Interaction of Src and Alpha-V Integrin Regulates Fibroblast Migration and Modulates Lung Fibrosis in A Preclinical Model of Lung Fibrosis

Src kinase is known to regulate fibroblast migration. However, the contribution of integrin and Src kinase interaction to lung fibrosis has not been mechanistically investigated. Our data demonstrate that integrin alpha v (alpha V) recruited Src kinase and that leads to subsequent Src activation in fibroblasts plated on fibrotic matrix, osteopontin. Src interaction with integrin alpha V is required for integrin alpha V-mediated Src activation, and the subsequent fibroblast migration. The study identified that beta 5 and beta 3 are the major integrins for this effect on osteopontin. In contrast, integrins beta 1, beta 6, and beta 8 did not have a critical role in this phenomenon.

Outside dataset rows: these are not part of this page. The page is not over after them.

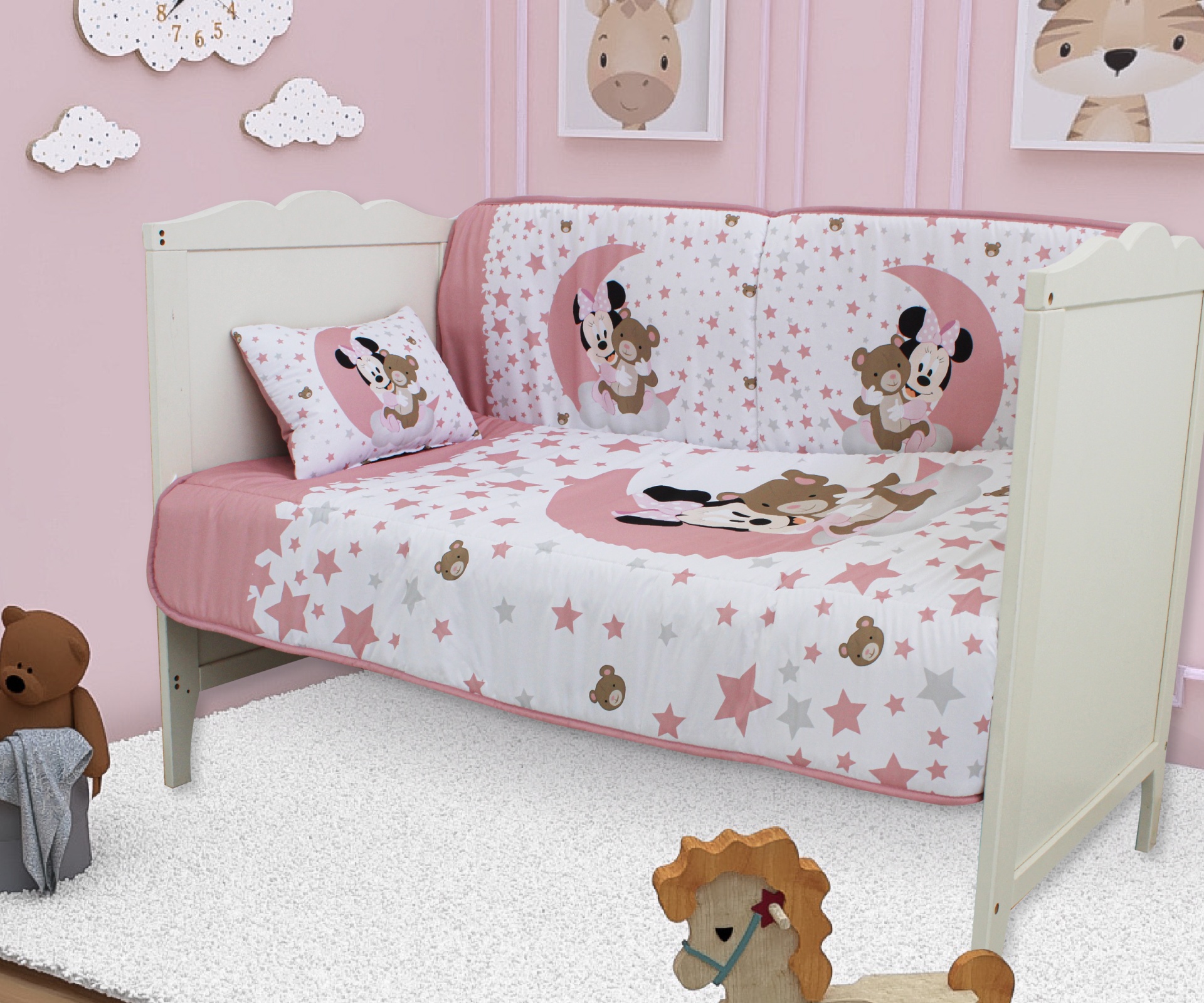 Cama branca infantil com roupa de cama estampada com ursos e estrelas, almofada com padrão igual, paredes cor-de-rosa e quadros de animais.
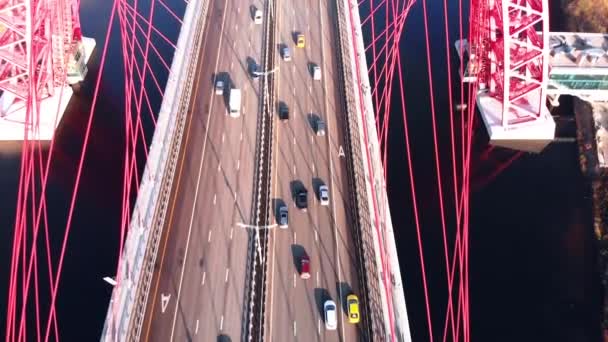 Αεροφωτογραφία από το εμβληματικό ορόσημο που είναι γραφική γέφυρα που διασχίζει τον ποταμό Μόσχα στη Μόσχα. Κυκλοφορία αυτοκινήτων στο καλώδιο-μένοντη γέφυρα του κόκκινου χρώματος στο χρόνο ημέρας. 4k. — Αρχείο Βίντεο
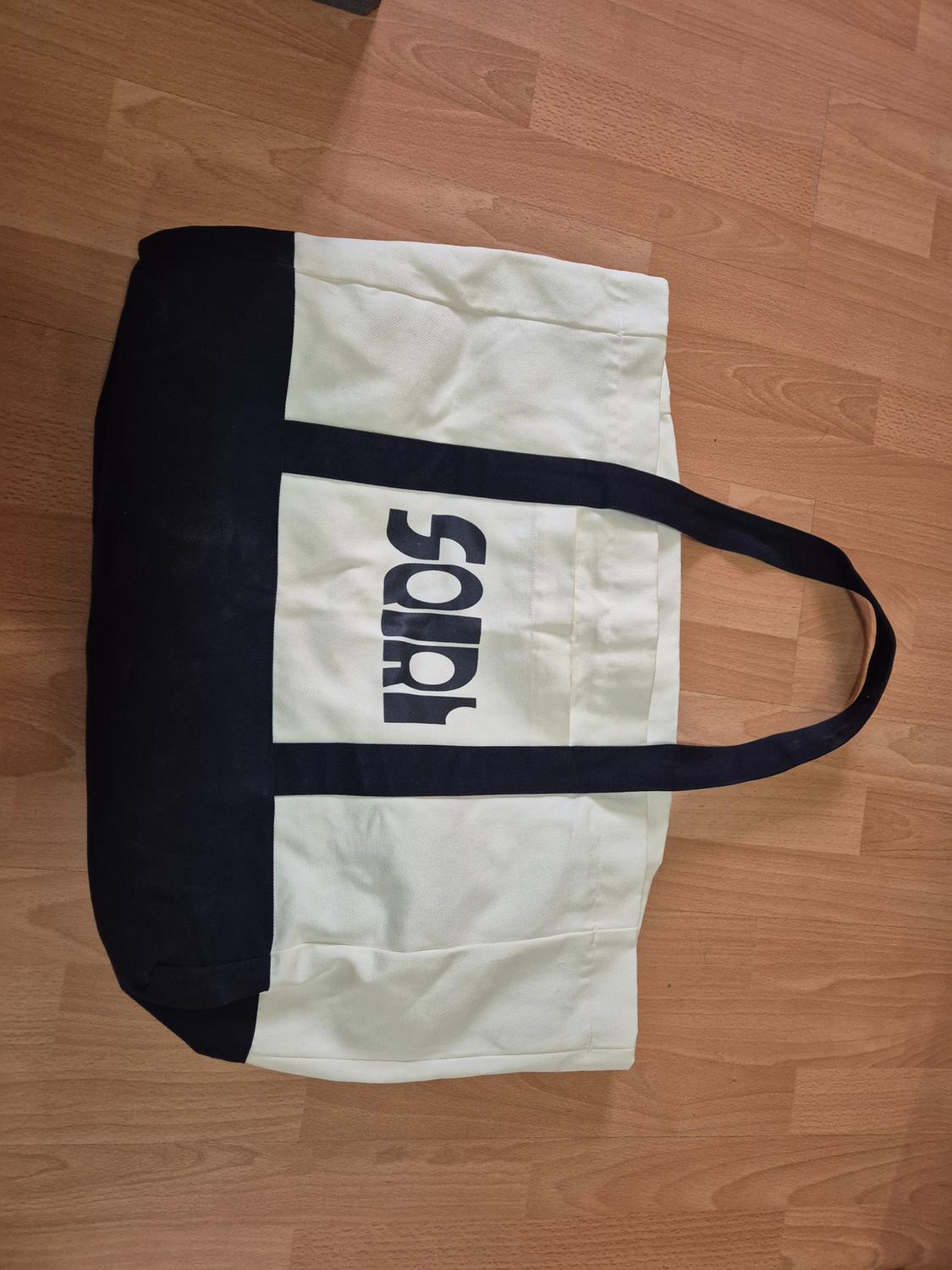 Large white fabric bag with black handles and details, on a wooden floor. Visible text: "SORL".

Importantly, Src inhibitor significantly reduces fibroblast migration stimulated by PDGF-BB and reduced in vivo lung fibrosis in mice. Src inhibitor reduced Src activation and blocked the signaling transduction by integrin alpha V, inhibited migration signaling pathways and reduced extracellular matrix protein production, and blocked myofibroblast differentiation in vivo in mouse lung tissues. The present study supports that the interaction of Src Kinase and integrins plays a critical role in the development of lung fibrosis and the signaling involved may present a novel opportunity to target deadly fibrotic diseases.